TALK of energy suppliers and con tricks, and the assumption might be that the Big Six have been indulging in a reputation-shredding episode of doorstep mis-selling.
Directors have been preoccupied for weeks with prising Iain Conn, the long-serving BP manager, away from the oil giant, and into the chief executive’s role to be vacated by Sam Laidlaw.
Conn would be an obvious choice for the job. His demeanour and vast experience of the industry would make his a credible voice in public and in the boardroom amid an ongoing fracas over energy prices.
Talks have been going on for months, and both Centrica and Conn are said to want the appointment to happen – so why the hold-up?
The answer lies at least partly in approximately £16m of unvested share options on which Conn is sitting following nearly three decades at BP.
It is unsurprising if Conn wants reassurance about Centrica’s willingness to compensate him for those options, although sources say that the £16m is a maximum payout based on future performance rather than a guaranteed windfall.
Equally, the owner of British Gas must be nervous about awarding a substantial golden hello at the same time that it (along with rivals) faces criticism for not passing on falling wholesale gas costs to customers.

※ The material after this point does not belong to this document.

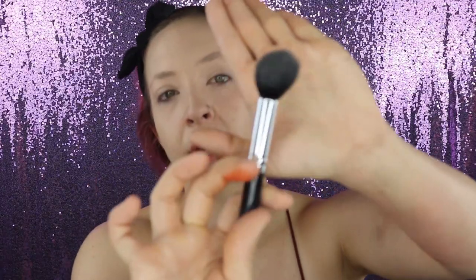We have our trusty fluffy brush, the Juvia's Place Zulu palette, which you guys know I'm obsessed with, and then of course we have the Melt Cosmetics radioactive stack because y'all know I just love it.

But Centrica directors should not lose sight of their responsibilities.
If they believe that Conn is the right person to lead the company, a row over a few million pounds’ worth of share options should not deter them.
If it does, it will be their shareholders who are the victims of a con trick.
HAPPY RETURN TO SMALL DEAL TEAMS
It has its own horde of Mounties, but even the geekiest of technology company followers would not try to claim that the IT training firm FDM is the most prominent of this year’s flotations.
However, it would be remiss of City bankers and institutional investors to overlook the £240m fundraising announced by FDM earlier this week.
Three years after senior Blackrock executives complained about the size of IPO syndicates and the lack of engagement with fund managers, the evidence of this year’s listings wave is that little has changed.
Many have been characterised by typically oversized bank lists which can stifle independent research and often command usurious fees for taking little real risk.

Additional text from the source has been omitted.